I had a drinking problem all this time, and it too can be dated back to Frankie’s death. On the day of Frankie’s funeral, I drank whiskey for the first time, and I remember the feeling it gave me –wow! I fell in love with whiskey. It became a huge problem for me, right through my twenties and thirties – as much a psychological as a physical problem. Brendan Kennelly once said to me, “Drink makes your heart grow old”. That’s exactly what it does – it makes an old person out of a young person. You lose your spirit. Whiskey is uisce beatha, the water of life; but that’s exactly what it steals from you, the water of your life, your spirit. Luckily, a man I knew saw the trouble I was in, grabbed me and said, “You need help”. And he brought me to Alcoholics Anonymous and I haven’t looked back. I got the message really quickly.
But when I stopped drinking I knew Frankie was still a huge issue for me, an unresolved issue in my soul. In September 1990, I went to Austin, Texas, to direct a play called Translations by Brian Friel. It’s a very spiritual play, about language and the relationship of language to the soul of a people, about the problem for us Irish people with this new language, English. This was fascinating, but at that time I was grappling with my own problem. Thirteen months after getting sober and Frankie was all I could think about. When the rehearsals were over, I’d go into the green room and start crying. For three days I cried – for hours each day, non stop. I’d just cry, “Frankie, Frankie, Frankie, Frankie…”. And all the terrible thoughts which had been there since Frankie’s death came out. Was it my fault? Would it have been better if he had lived and I had died instead? Maybe I had done something wrong. Or maybe we hadn’t been holy enough as a family and we were being punished – and somehow I was part of the punishment.

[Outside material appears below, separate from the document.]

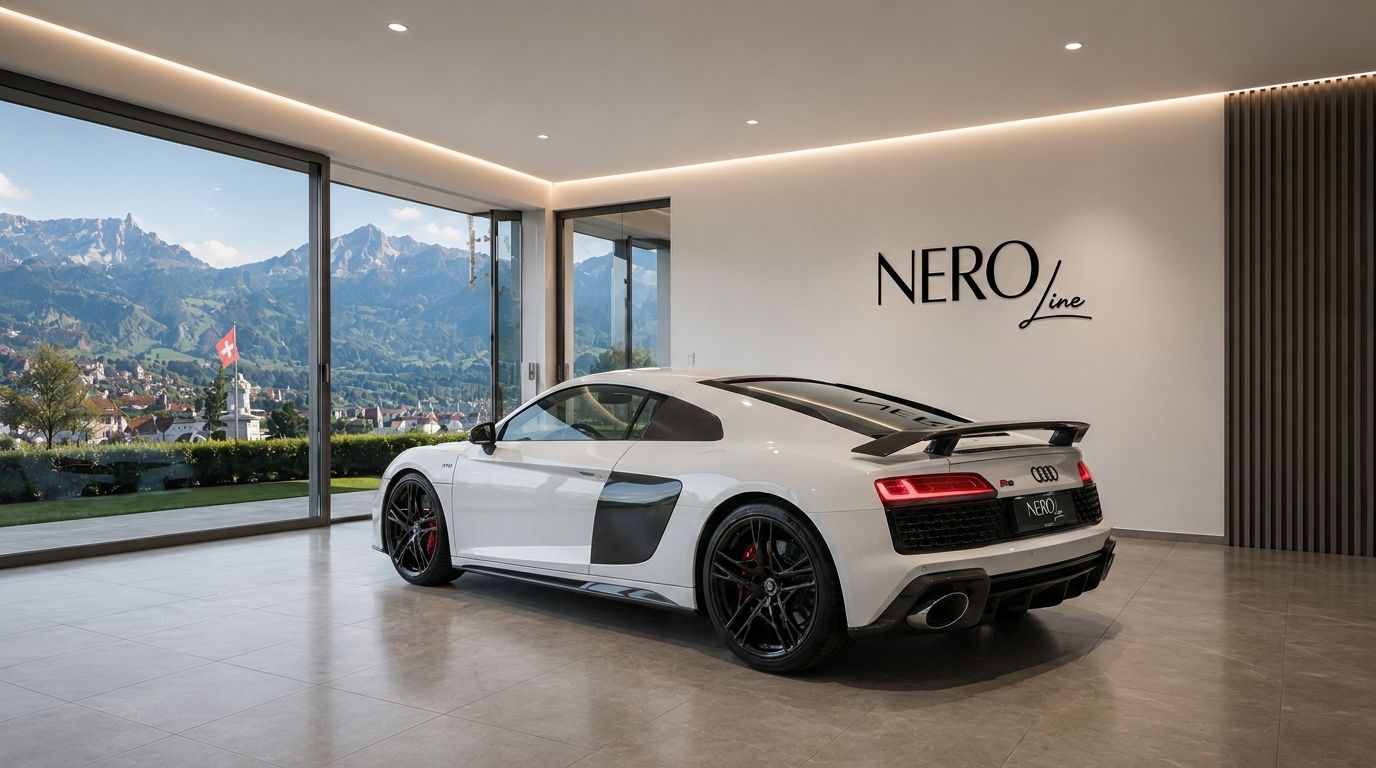 A white Audi R8 V10+ supercar is parked in a modern showroom, showcasing its rear three-quarter view with Zurich mountains visible outside.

I was carrying all this shit and drivel around with me for so long. Now I was letting go. Now I was having a moment of spiritual awakening. I begged God to lift this weight from me. I couldn’t cope with it anymore. I implored the higher power to help me, and the higher power did what I asked. Suddenly, after these three days of crying and weeping and trying to write a bit, I felt something shift. Something happened. It’s like Beckett says: ‘Something happens in the world, a breath, something takes place’. So that was my moment of spiritual awakening.
Over the following years my journey was about getting properly in touch with this God, this higher power, and learning that the God of my childhood, the punishing monster who kills your ten-year-old brother – isn’t God at all! God is benevolent, kind. God looks out for me, cares about me, is concerned. I have a personal relationship with this God, I can actually ask him things, I can share my vulnerabilities with him. He isn’t waiting to clobber me over the head, as the God of my childhood had been. So now words like ‘grace’ started to mean something to me. I started plugging into completely different parts of my brain or my psyche than I had before. And I started reading authors in a different way. I saw things I hadn’t seen before. I could sometimes intuit things about them and their work. “I know what they’re saying,” I’d think; “I recognise the pain.”